When John Byrne took over Superman in the 80s he made Superman’s cape tearable. I got what this was about immediately. If you can’t scallop a cape (like Batman’s already is) then you tear a cape. The design possibilities become myriad at that point. So when I did T.H.U.N.D.E.R. at Solson I made sure that NoMan’s cape was tattered.

With this image, I wanted to make Batman more and more scary. So I added the tatters. Tatters are, simply stated, very complex scallops. At least that’s how I draw them.

Now, why did I do the complicated Wally Wood styled background? Well, for one that was in the Frazetta piece. But there’s more to it than that. I always feel like the Batcave should be more complex than is usually shown. It should have myriad passages like no other secret base in the whole of comic-dom. The agents of AIM should see the Batcave and drool. Modok should see it and think, “I gotta get me one of THOSE!”

So I figure this is an unused corner of the Batcave.

Why the water on the floor? I can’t explain why, but I keep thinking of the line from Thomas Dolby’s song “Weightless” and the line, “she went to the basement; fruit juice everywhere!”
Well, actually the line is, “she bent to the basin, fruit juice everywhere.” But when I first heard it the line was the former. So I’ve always thought of the line meaning a basement full of fruit juice. If I color the piece that liquid will probably look like orange or possibly cranberry juice. The trick will be to keep it from looking like some bodily fluid in the process.

Speaking of bodily fluids, what’s up with the Batarang dripping grue? I have no idea, other than it’s just supposed to be creepier than if it was just a Batarang alone. It’s not Batgirl’s blood, there’s not a scratch on her. Other than the runs in her outfit (which is, admittedly, a difficult proposition) she’s intact.

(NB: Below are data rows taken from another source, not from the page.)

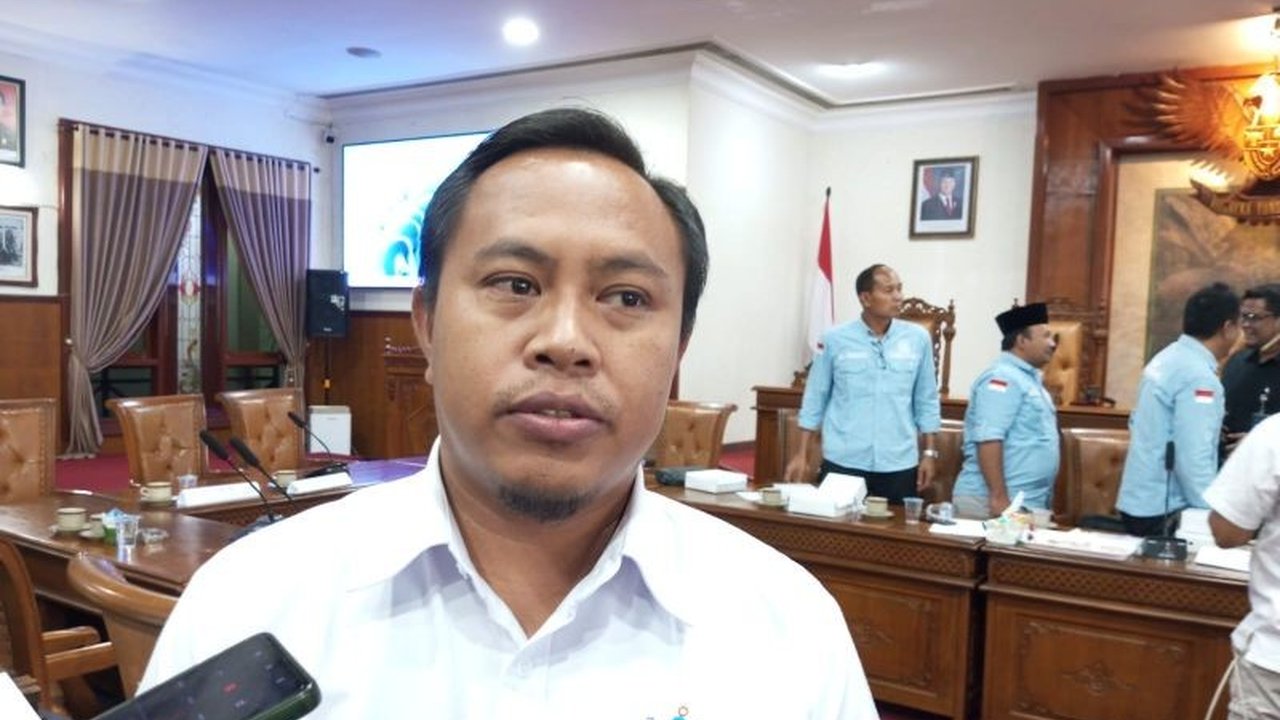 PT Pupuk Indonesia memastikan stok pupuk bersubsidi di Tulungagung dan sekitarnya aman hingga akhir tahun, mencapai lebih dari 6.000 ton, meskipun kendala administrasi masih dialami sebagian petani.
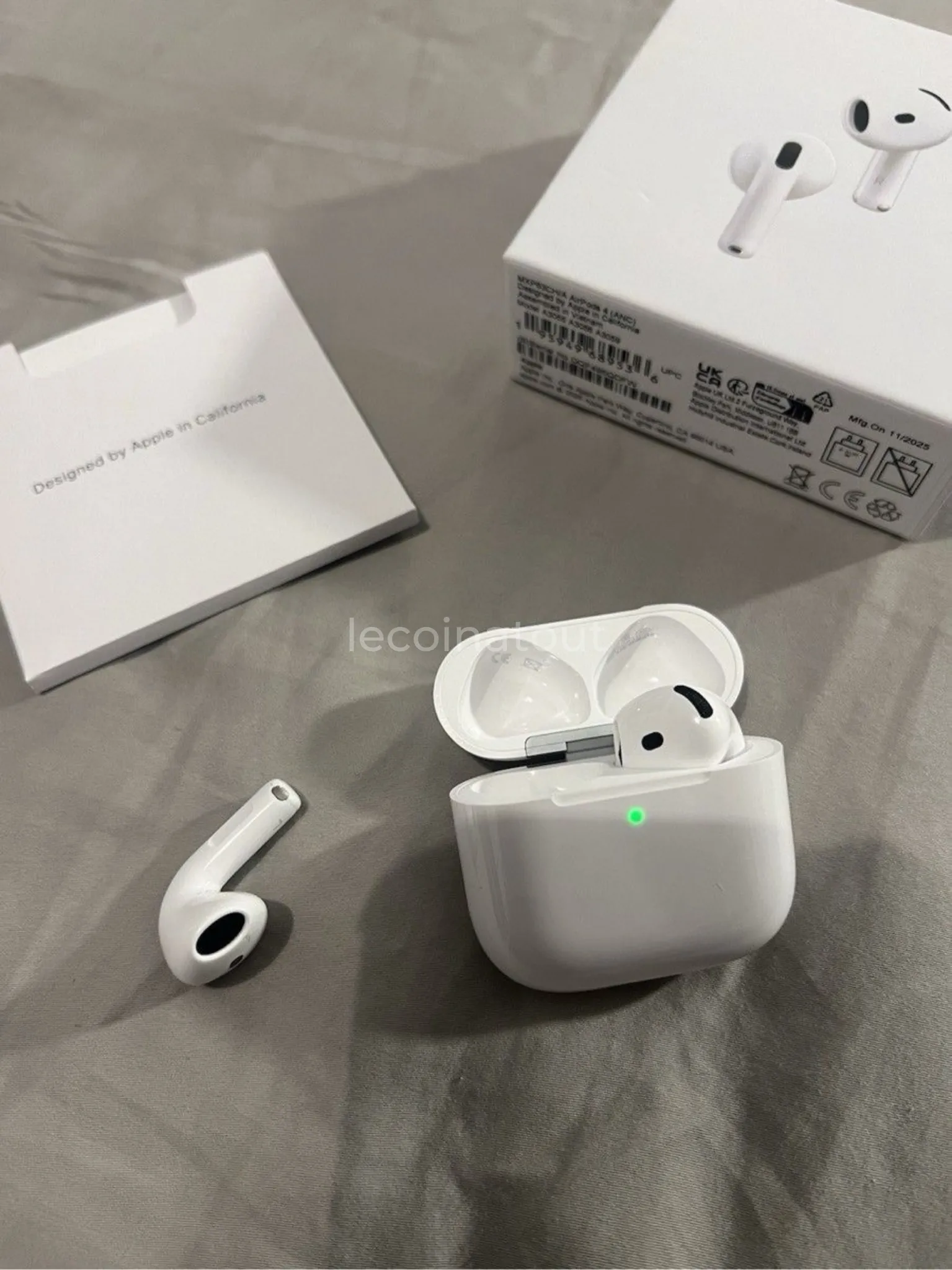 AirPods 4 — photo 3, Guédiawaye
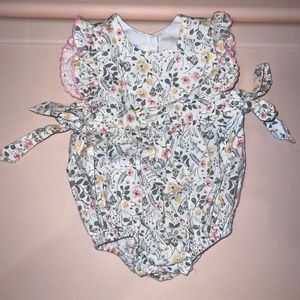 Bella Bliss Side Bow Floral Bubble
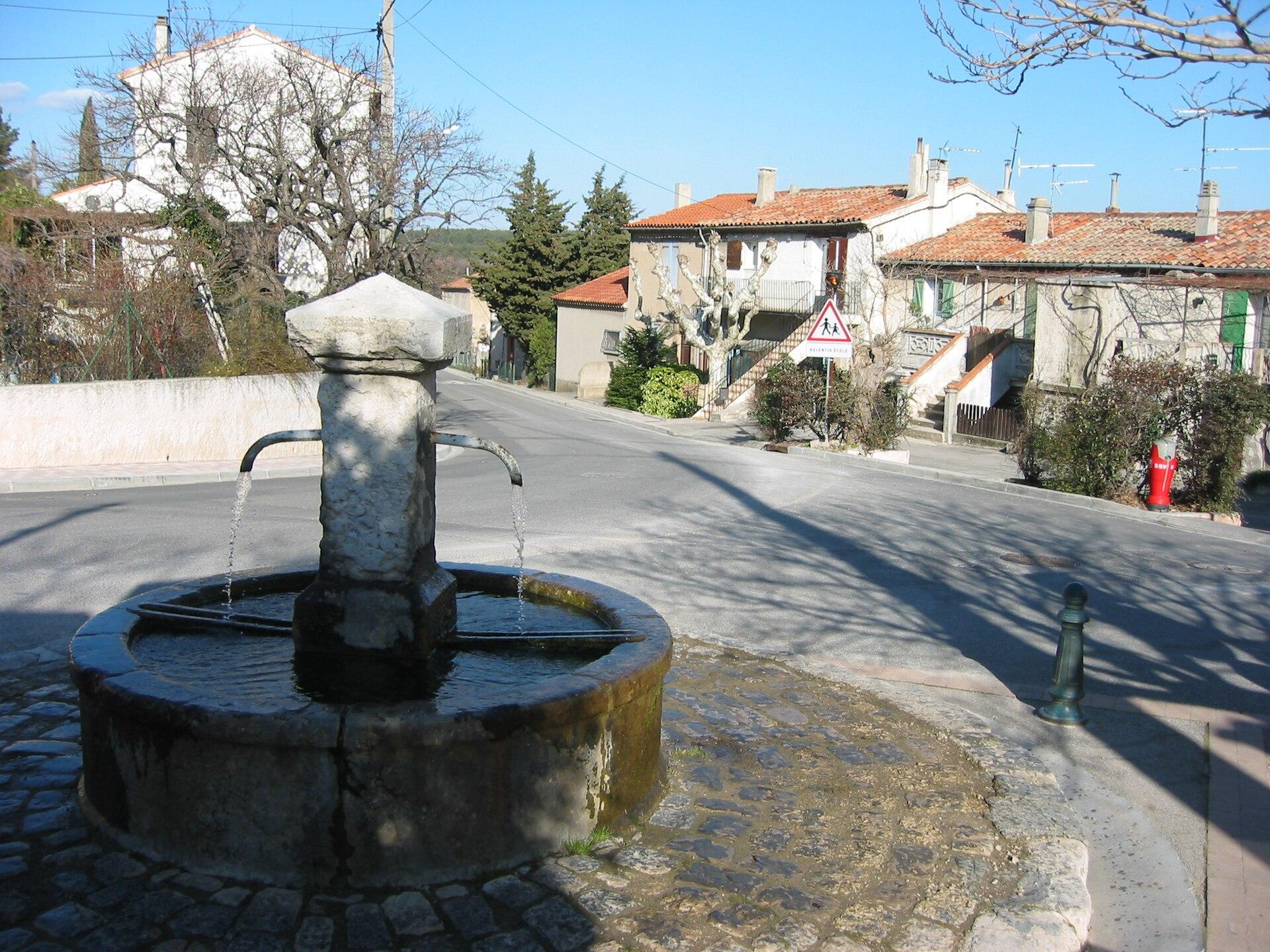 Vue de Saint-Savournin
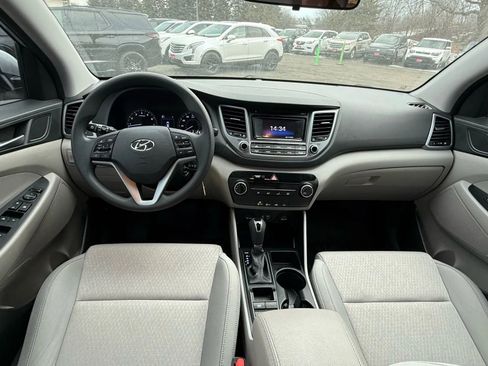 Used 2017 Hyundai Tucson SE image 23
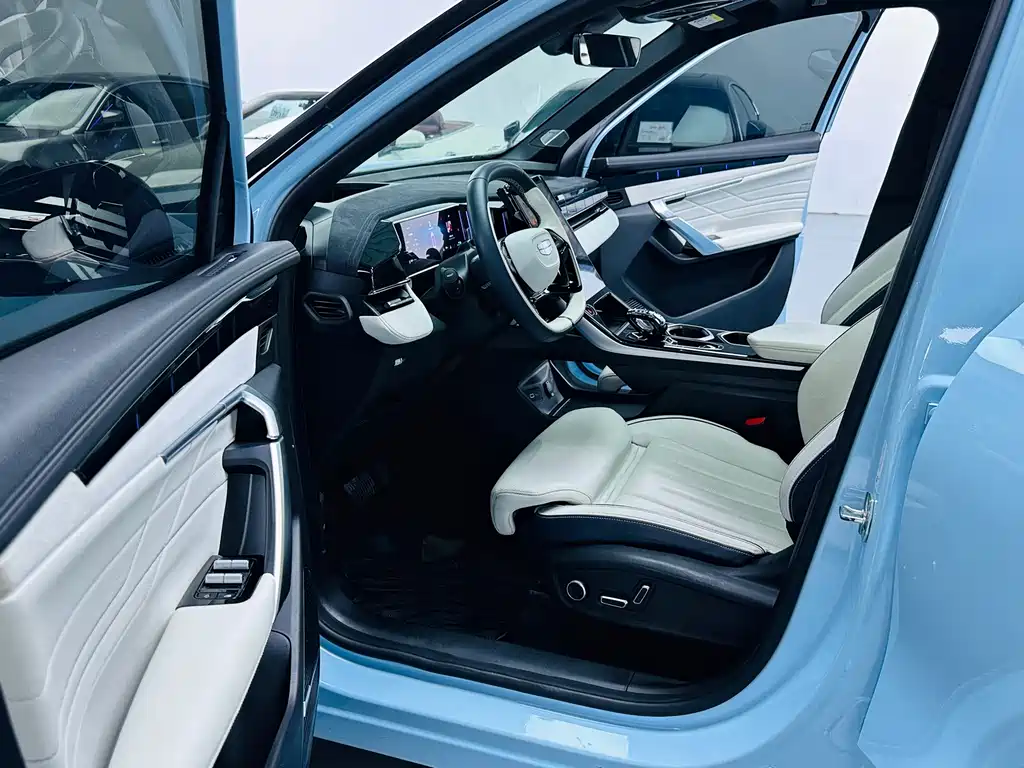Geely Boyue L — миниатюра 4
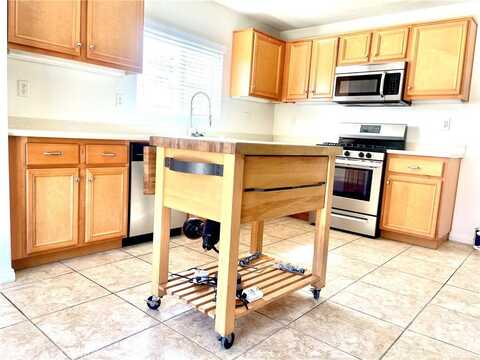 13118 Cerritos Court, Hesperia, CA 92344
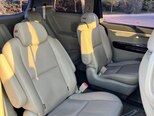 Kia Carnival-11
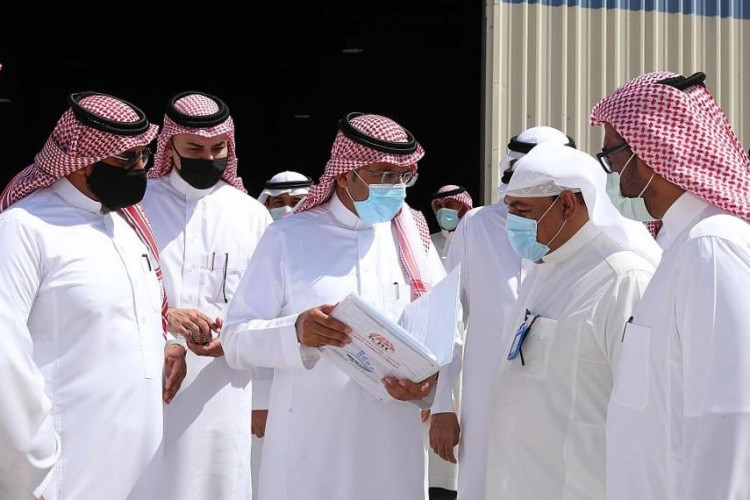 وزير الصناعة والثروة المعدنية يتفقّد عدداً من المصانع في منطقة الجوف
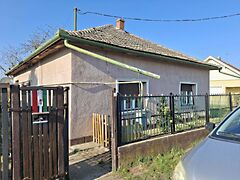 Eladó ház Szajol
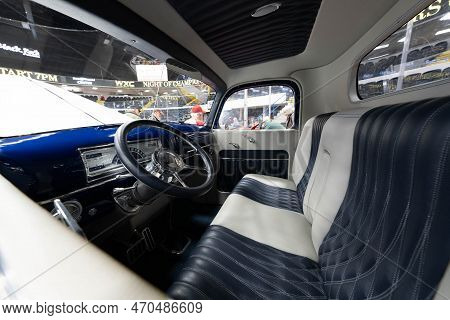 Flint, Michigan -usa- February 10, 2023:  8Th Annual Chrome And Ice Winter Indoor Autoshow At The Do
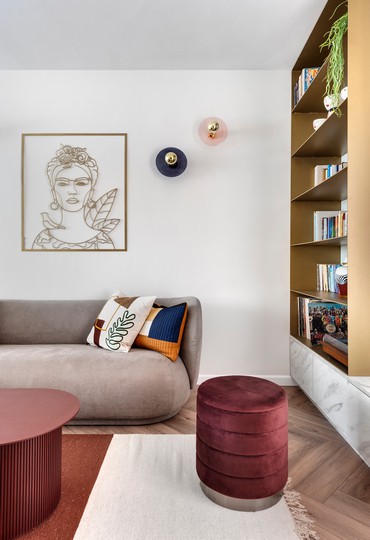 אליס, מאחורייך: בית בהשראת ארץ הפלאות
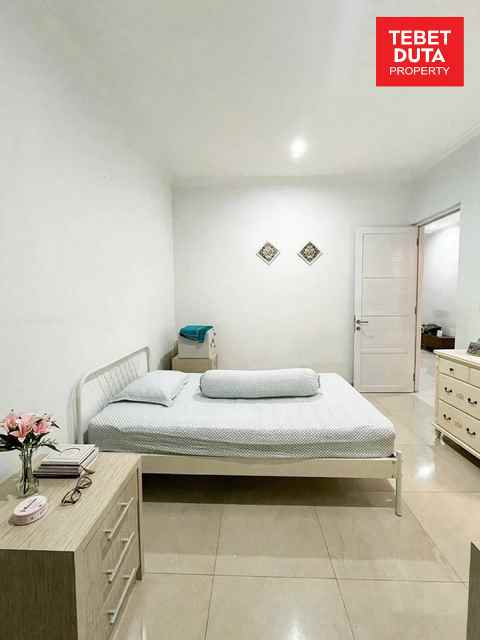 dijual rumah cempaka putih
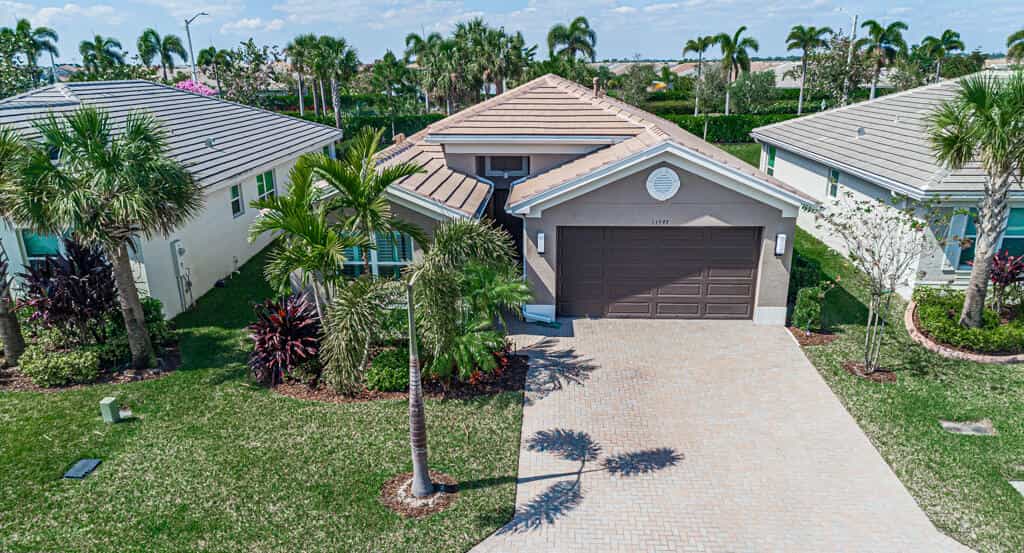 House in Port St. Lucie, Florida 11629669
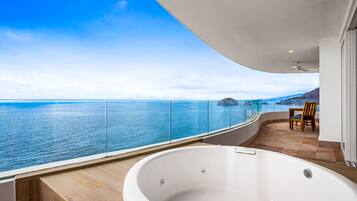 Condo, várias camas, acesso à piscina, vista para o oceano (Blue Horizon 1101 at Residences) | Hidromassagem externa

Funny how that word “creepy” keeps coming up. I have considered that this is sort of like a “what if?” proposition. That is, “what if Jim Warren had somehow gotten the rights to do an issue of Creepy Magazine featuring Batman?” This might have been the cover. Frazetta would have drawn the most amazing Batman covers ever. But he never did. So I get to. Okay, nobody assigned the work but me alone, but I’m still having fun with it.

Now, getting back to the whole thing of swiping from a Frazetta piece. My wife even asked me, “can you do that?” My response was that Howard Chaykin did a number of covers to American Flagg! that were direct swipes from Harvey Kurtzman covers. So I guess I can.

Actually there’s a long tradition of swiping poses in fine art. One of the most obvious would probably be “The sleeping Venus” by Giorgione in 1509, the pose swiped by Titian in 1538 for “The Venus of Urbino”, and much later (1863) appropriated by Manet for “Olympia”. So I defend my choice of appropriating this pose.

Summing up; What’s the point of it all? The point of it all is to have fun. If I can’t own a Frank Frazetta piece I can make an approximation of it. That’s one of the great things about being an artist, anything I can visualize I can, in essence, make my own by simply drawing it. Sometimes this is a curse. In situations like this it’s a real treat.

Hope everyone enjoys it. I’ll be working on the inks and enjoying them.